Troy City Manager Brian Kischnic said the center will strengthen transit options for Troy and Metro Detroit.
This groundbreaking comes at a time when Amtrak's 2012 ridership is at a record high and Michigan is at a crossroads about whether to continue to fix and expand roads or their transportation systems.
The project had been heavily debated for nearly a decade and former Mayor Janice Daniels, who was recalled in the Nov. 7 election, led its opposition campaign. The project was killed in December 2011 with a 4-3 council vote. Daniels called the project "wasteful" and council members were concerned with who would pay the center's annual $32,000 maintenance cost.
"It's absolutely important for economic development," U.S. Congressman Gary Peters said. "It's about the greater Detroit Region and making us a stronger engine for growth."
In a rescheduled vote on Jan. 17, however, the city council reversed its decision and approved the project after local business leaders denounced the city saying its policies were antiquated. Troy Chamber President Michele Hodges helped align the business community's support for the project, which was a deciding factor in its approval.
"This is really big," said MDOT Director Kirk Steudle. "People just want more choices to move around."
"More and more communities like Troy are demanding and accepting improved transit and station enhancements are a response to customer needs," Steudle said. "We consider the multi-modal transit facility to be an integral part of Michigan's Accelerated Rail Program … Imagine this station full of people who walked here from neighborhoods or that rode their bikes here and got on a train that are now going, as [U.S.] Congressman [Gary] Peters said, 'anywhere in the country.'"
The border between Troy/Birmingham is marked by a rail corridor used by Amtrak. The center will be a link in the state's high-speed rail program, which is projected to move people from downtown Detroit to Chicago in four hours. The state recently received a $200 million grant to improve commuter rail service between Dearborn and Kalamazoo and to help increase train speeds to 110mph in some sections, which officials say should be ready by 2014.

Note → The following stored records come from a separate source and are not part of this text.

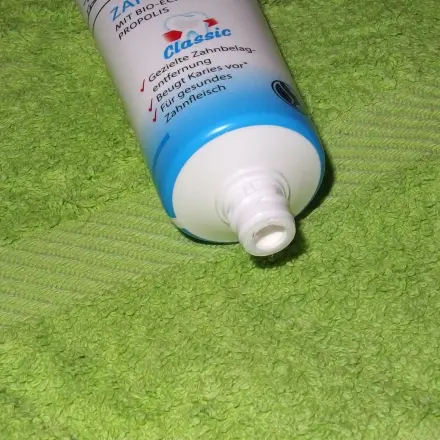 Zahnpasta gegen Klebstoffreste auf Fingernägeln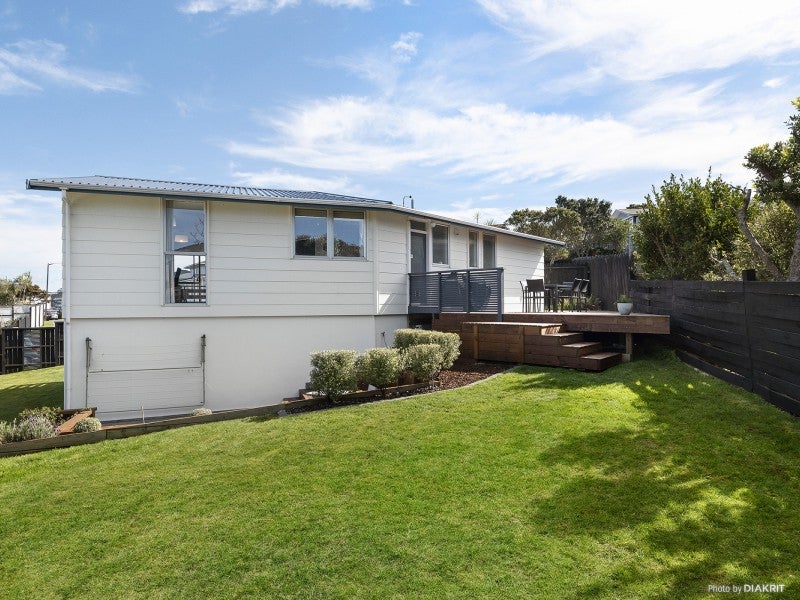 3 Cheltenham Terrace, Newlands, Wellington - Carousel 2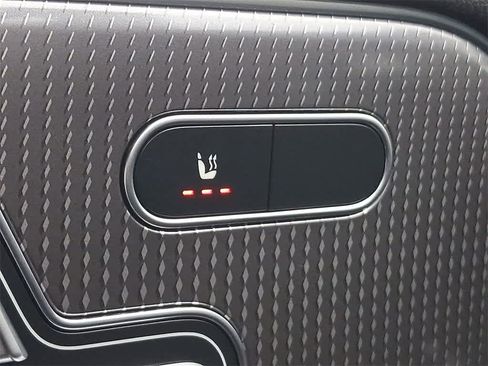 Used 2021 Mercedes-Benz GLB 250 4MATIC image 19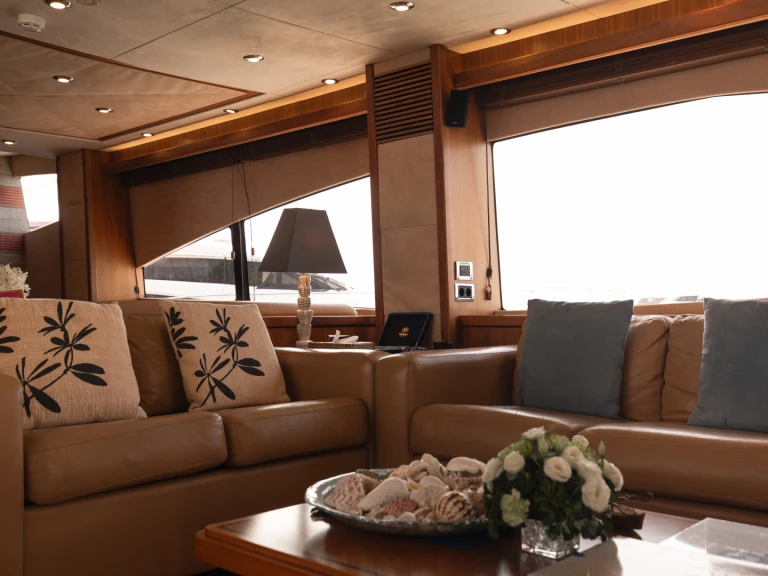 Charter a Sunseeker Sunseeker 90 in Ao Po on Samboat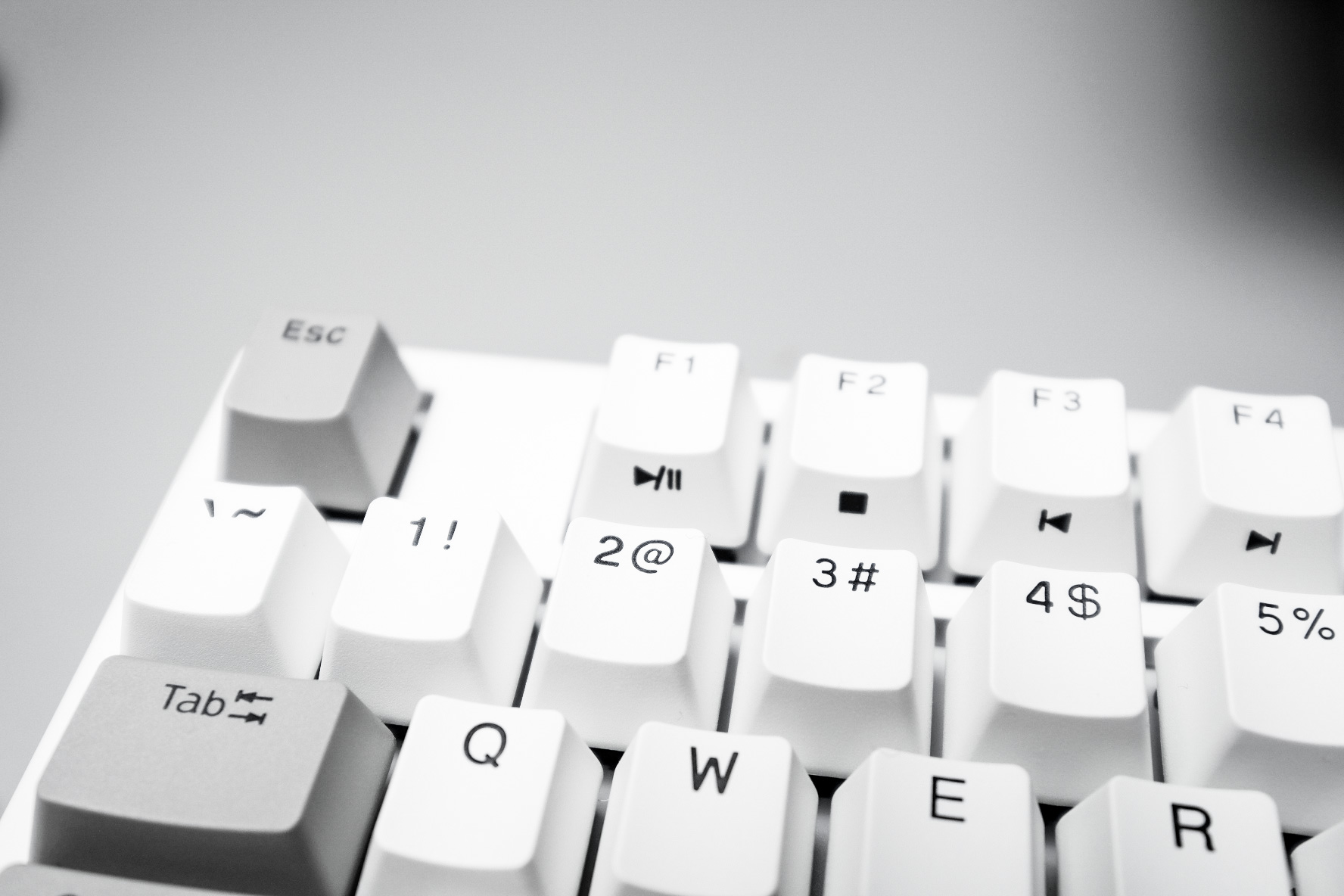 杜伽k310w键盘多少钱,杜伽k330w机械键盘评测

Steudle said he's interested in the transit center not only because it's a great link station for the state's high-speed rail, but because it's where the economic development happens.
Peters, who also spoke at the groundbreaking, said the station represents a broader, regional transformation and that the Metro area needs to do what every other major region in the country has done, which is regionalize and coordinate public transportation efforts in southeast Michigan.
"It's absolutely important for economic development," Peters said. "It's about the greater Detroit Region and making us a stronger engine for growth."
"This transit center does not move just people and things forward but it also moves our community from one place to the next as we assume our position in a system of regional transit assets and in the global network," Hodges said.
"We still have to find a business model that will support the operating expenses of this center, which hopefully will one day be transferable to other like projects," she said. "We have to make sure we have a regional transportation authority to bolster this center, as well as others."
Michigan legislators are voting on that very regional authority today. As of 2:30pm, four bills, which establish the Regional Transportation Authority, have passed the Senate.